Nate Silver spoke for most of the liberal blogosphere when he objected to the mainstream media’s coverage of Senator John McCain’s speech on the Senate floor on Tuesday.

McCain appeared in the Capitol just days after he had a blood clot removed from above his left eye. Amid that process, doctors discovered that a particularly malignant form of brain cancer was responsible for the clot. Despite his condition and his recovery, McCain made his way back to Washington to vote on a motion to proceed with a debate over the process of repealing and replacing the Affordable Care Act.
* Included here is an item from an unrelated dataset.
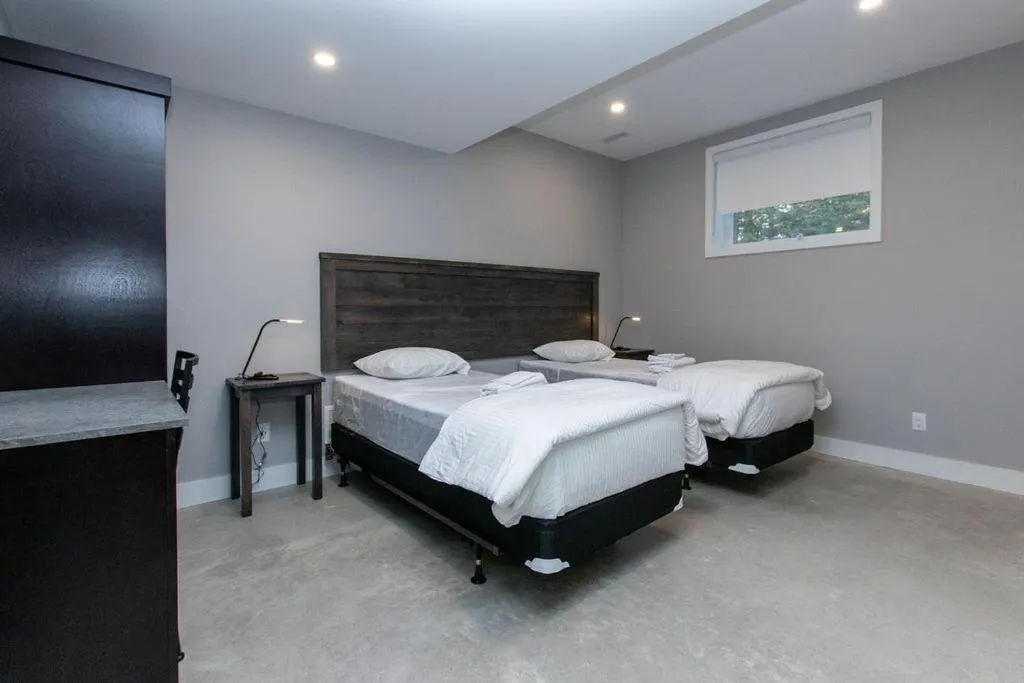 Bed in 107 Birchview Trail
Following his critical vote, which allowed the motion to carry only after the vice president broke a tie, McCain gave a stirring address extolling the virtues of the republic and the Senate, while also castigating his congressional colleagues over their approach to the health-care reform process.

“Among younger and less traditional reporters on Twitter,” Silver began, “a lot of people are pointing out McCain’s inconsistency in scolding McConnell’s process but nevertheless voting for the motion to proceed.” Silver added, however, that more traditional reporting outlets in print and on television were far more awed by the remarks. They didn’t seem to recognize the inconsistency that so irritated the Twitter-verse.

“Longtime readers of FiveThirtyEight know that I have a lot of beefs with the establishment media,” Silver wrote. “Moments like these, where they elevate style over substance, are a big part of why.”

The self-selected, cloistered, like-thinking population of professional cynics on political Twitter is a bad target for professional statistical analysts to critique. Moreover, this criticism is a value judgment founded not in rationality but pique.

McCain’s speech on the floor of the Senate was worthy of all the praise it received if only because not every political observer has yet abandoned basic human decency (a frailty that political Twitter discourages). McCain is by any definition an American hero who spent his life serving his country. On what may be his last speech to the nation from the upper chamber of Congress, the man deserves a hearing. Silver and his colleagues did not give him that.

McCain’s speech was mostly dedicated to the dysfunction of the body in which he serves. “When I hear the Senate referred to as the world’s greatest deliberative body, I’m not so sure we can claim that distinction with a straight face today,” he said. “Our deliberations can still be important and useful, but I think we’d all agree they haven’t been overburdened by greatness lately.”

McCain implored his colleagues to ignore the professional rabble-rousers who have made a career of sowing internecine discord. “To hell with them,” he said. “They don’t want anything done for the public good. Our incapacity is their livelihood.” If this speech started to sound like an appeal to bipartisanship, that became explicit in the following sentence.

The senator said that the virtue of the American system is found in those features that stifle one-party governance. “Top-down” “parliamentary maneuvers” that abandon the process of regular order to govern without bipartisan consent have poisoned and radicalized the country. And to repeat Democratic mistakes by shutting the other party out of the process of reforming one-sixth of the American economy would be a mistake.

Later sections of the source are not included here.